Your objective: Reproduce the whole listing that follows, exactly as it stands.

Material provided:
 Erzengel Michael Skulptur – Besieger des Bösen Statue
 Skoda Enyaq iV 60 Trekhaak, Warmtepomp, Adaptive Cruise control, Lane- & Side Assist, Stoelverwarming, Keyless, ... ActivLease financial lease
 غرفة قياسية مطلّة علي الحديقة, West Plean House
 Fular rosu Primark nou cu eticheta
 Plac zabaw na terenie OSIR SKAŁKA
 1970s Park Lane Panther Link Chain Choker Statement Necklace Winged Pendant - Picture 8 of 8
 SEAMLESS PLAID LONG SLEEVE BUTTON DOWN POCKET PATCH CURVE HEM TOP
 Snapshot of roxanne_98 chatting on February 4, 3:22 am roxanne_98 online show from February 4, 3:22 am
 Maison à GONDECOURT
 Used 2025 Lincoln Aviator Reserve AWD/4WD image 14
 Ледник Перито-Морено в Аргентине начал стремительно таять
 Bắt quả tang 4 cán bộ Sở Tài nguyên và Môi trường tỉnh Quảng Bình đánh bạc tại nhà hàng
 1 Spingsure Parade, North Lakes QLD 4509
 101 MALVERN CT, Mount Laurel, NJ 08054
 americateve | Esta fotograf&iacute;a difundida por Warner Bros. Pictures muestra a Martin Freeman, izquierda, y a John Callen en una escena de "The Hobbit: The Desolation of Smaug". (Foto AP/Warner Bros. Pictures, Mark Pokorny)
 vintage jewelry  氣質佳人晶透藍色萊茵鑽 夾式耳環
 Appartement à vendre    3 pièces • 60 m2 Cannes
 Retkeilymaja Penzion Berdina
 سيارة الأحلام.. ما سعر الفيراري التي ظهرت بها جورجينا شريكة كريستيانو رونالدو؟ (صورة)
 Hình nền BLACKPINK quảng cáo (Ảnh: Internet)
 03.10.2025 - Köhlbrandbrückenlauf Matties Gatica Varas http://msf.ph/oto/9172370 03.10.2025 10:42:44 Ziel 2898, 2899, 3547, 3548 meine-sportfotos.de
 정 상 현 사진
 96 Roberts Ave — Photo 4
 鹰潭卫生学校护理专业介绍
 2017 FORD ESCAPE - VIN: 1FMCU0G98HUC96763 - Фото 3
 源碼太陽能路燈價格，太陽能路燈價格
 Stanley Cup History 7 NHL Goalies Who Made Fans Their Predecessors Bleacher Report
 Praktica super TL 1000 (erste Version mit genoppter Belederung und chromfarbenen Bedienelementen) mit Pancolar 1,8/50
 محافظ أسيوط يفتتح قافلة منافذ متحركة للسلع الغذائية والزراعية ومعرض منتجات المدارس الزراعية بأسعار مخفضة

Solution to this problem:
 Erzengel Michael Skulptur – Besieger des Bösen Statue
 Skoda Enyaq iV 60 Trekhaak, Warmtepomp, Adaptive Cruise control, Lane- & Side Assist, Stoelverwarming, Keyless, ... ActivLease financial lease
 غرفة قياسية مطلّة علي الحديقة, West Plean House
 Fular rosu Primark nou cu eticheta
 Plac zabaw na terenie OSIR SKAŁKA
 1970s Park Lane Panther Link Chain Choker Statement Necklace Winged Pendant - Picture 8 of 8
 SEAMLESS PLAID LONG SLEEVE BUTTON DOWN POCKET PATCH CURVE HEM TOP
 Snapshot of roxanne_98 chatting on February 4, 3:22 am roxanne_98 online show from February 4, 3:22 am
 Maison à GONDECOURT
 Used 2025 Lincoln Aviator Reserve AWD/4WD image 14
 Ледник Перито-Морено в Аргентине начал стремительно таять
 Bắt quả tang 4 cán bộ Sở Tài nguyên và Môi trường tỉnh Quảng Bình đánh bạc tại nhà hàng
 1 Spingsure Parade, North Lakes QLD 4509
 101 MALVERN CT, Mount Laurel, NJ 08054
 americateve | Esta fotograf&iacute;a difundida por Warner Bros. Pictures muestra a Martin Freeman, izquierda, y a John Callen en una escena de "The Hobbit: The Desolation of Smaug". (Foto AP/Warner Bros. Pictures, Mark Pokorny)
 vintage jewelry  氣質佳人晶透藍色萊茵鑽 夾式耳環
 Appartement à vendre    3 pièces • 60 m2 Cannes
 Retkeilymaja Penzion Berdina
 سيارة الأحلام.. ما سعر الفيراري التي ظهرت بها جورجينا شريكة كريستيانو رونالدو؟ (صورة)
 Hình nền BLACKPINK quảng cáo (Ảnh: Internet)
 03.10.2025 - Köhlbrandbrückenlauf Matties Gatica Varas http://msf.ph/oto/9172370 03.10.2025 10:42:44 Ziel 2898, 2899, 3547, 3548 meine-sportfotos.de
 정 상 현 사진
 96 Roberts Ave — Photo 4
 鹰潭卫生学校护理专业介绍
 2017 FORD ESCAPE - VIN: 1FMCU0G98HUC96763 - Фото 3
 源碼太陽能路燈價格，太陽能路燈價格
 Stanley Cup History 7 NHL Goalies Who Made Fans Their Predecessors Bleacher Report
 Praktica super TL 1000 (erste Version mit genoppter Belederung und chromfarbenen Bedienelementen) mit Pancolar 1,8/50
 محافظ أسيوط يفتتح قافلة منافذ متحركة للسلع الغذائية والزراعية ومعرض منتجات المدارس الزراعية بأسعار مخفضة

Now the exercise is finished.